Concurrent deployment through the 24/7 scheduling platform compresses what would otherwise be sequential documentation timelines into weeks. A 50-location renovation program that needs existing conditions drawings before design begins cannot afford sequential site-by-site execution. Simultaneous multi-location programs are standard operating procedure.
When should I use Scan-to-CAD instead of Scan-to-BIM?
Use Scan-to-CAD when your design team works in AutoCAD or similar 2D platforms, when the project scope is renovation design, permitting, bidding, or record documentation, and when 3D MEP coordination or clash detection in Revit is not required. Both services start from the same LiDAR point cloud — choosing this service does not prevent upgrading to a BIM model at any future project phase.
How does LiDAR produce more accurate drawings than manual measurement?
The LEICA RTC 360 captures 2,000,000 spatial measurements per second at ±2mm accuracy — including ceiling conditions, above-grid MEP routing, column profiles, and irregular geometry that tape measures routinely miss or approximate. Every dimension in the finished drawing comes from a measured data point, not a field estimate or interpretation.
What is the Scan-to-CAD process from start to finish?
Phase 1 (2–3 days): LEICA RTC 360 field capture. Phase 2 (3–5 days): point cloud registration and QC. Phase 3 (7–10 days): CAD drafting and internal review. Total: 10–14 business days from field mobilization to finished drawing set — 50–80% faster than traditional surveying for equivalent commercial scopes.
Can Scan-to-CAD documentation be upgraded to Scan-to-BIM later?

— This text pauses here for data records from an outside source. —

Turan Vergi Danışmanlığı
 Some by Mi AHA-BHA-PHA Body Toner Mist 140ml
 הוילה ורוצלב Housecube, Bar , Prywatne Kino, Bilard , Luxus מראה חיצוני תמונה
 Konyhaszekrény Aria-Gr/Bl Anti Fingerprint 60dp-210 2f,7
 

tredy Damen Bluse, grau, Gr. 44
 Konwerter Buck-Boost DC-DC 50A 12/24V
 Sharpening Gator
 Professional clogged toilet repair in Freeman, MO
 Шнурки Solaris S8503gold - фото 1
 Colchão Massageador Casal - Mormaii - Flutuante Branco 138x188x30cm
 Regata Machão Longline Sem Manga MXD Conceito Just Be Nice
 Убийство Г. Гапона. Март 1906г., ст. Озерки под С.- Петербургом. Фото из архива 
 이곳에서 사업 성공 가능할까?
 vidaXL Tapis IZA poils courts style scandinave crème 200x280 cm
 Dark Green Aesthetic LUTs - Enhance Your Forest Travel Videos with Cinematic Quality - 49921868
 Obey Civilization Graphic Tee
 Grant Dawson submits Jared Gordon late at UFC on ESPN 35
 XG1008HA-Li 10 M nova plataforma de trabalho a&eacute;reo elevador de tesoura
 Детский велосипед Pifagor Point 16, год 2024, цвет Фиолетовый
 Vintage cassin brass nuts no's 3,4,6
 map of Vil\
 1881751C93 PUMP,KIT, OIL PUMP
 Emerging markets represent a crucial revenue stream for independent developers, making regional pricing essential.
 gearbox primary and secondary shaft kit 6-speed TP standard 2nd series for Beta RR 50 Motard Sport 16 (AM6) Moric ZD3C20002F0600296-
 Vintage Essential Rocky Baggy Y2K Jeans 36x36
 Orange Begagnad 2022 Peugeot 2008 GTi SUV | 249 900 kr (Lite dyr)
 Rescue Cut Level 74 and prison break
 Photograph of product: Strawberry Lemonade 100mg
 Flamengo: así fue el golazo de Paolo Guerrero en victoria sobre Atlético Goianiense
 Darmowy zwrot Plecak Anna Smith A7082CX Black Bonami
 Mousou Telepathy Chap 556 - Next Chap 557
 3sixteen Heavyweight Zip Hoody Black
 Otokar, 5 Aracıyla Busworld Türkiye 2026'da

Yes. The point cloud archive — delivered in RCS, E57, and LAS formats with every project — is the same source data used for BIM model production. If project scope changes and a Revit model becomes necessary, the existing point cloud eliminates the need for a return field visit.
How much does Scan-to-CAD cost?
Robotic Imaging’s Scan-to-CAD service starts at $0.19 per square foot — covering field scanning, point cloud processing, and 2D CAD drawing production in DWG, DXF, and PDF. Multi-location programs receive volume pricing. Contact us with project square footage and required drawing types for a project-specific quote.
What file formats does Scan-to-CAD produce?
Scan-to-CAD deliverables are provided in DWG (AutoCAD-native, compatible with all major AEC platforms), DXF (universal exchange format), and PDF for review and permit submission. The underlying point cloud is included in RCS, E57, and LAS formats — giving design teams direct access to the source scan data for additional analysis or future BIM model production.
Does Scan-to-CAD work for multi-story buildings?
Yes. Multi-floor documentation is standard. Each floor is captured with complete coverage of its ceiling, walls, and floor surfaces. Floor-to-floor heights, structural depths, and inter-floor spatial relationships are documented in section cuts derived from the registered multi-floor point cloud.
What happens if I need additional drawings after initial delivery?
The registered point cloud is retained after delivery. Additional drawing types — extra elevations, supplementary sections, or additional floor plan details — can be produced from the existing point cloud without a return field visit, provided building conditions have not changed since the scan date.
Robotic Imaging delivers Scan-to-CAD documentation at ±2mm LEICA RTC 360 accuracy, from $0.19 per square foot, in 10–14 business days, across any project or portfolio scale nationwide.
All pricing, delivery timelines, accuracy specifications, and client references reflect verified data from roboticimaging.com as of June 2026. Service from $0.19 per square foot. 100M+ sq ft documented. Robotic Imaging is ISO 27001 certified and SOC 2 Type II compliant.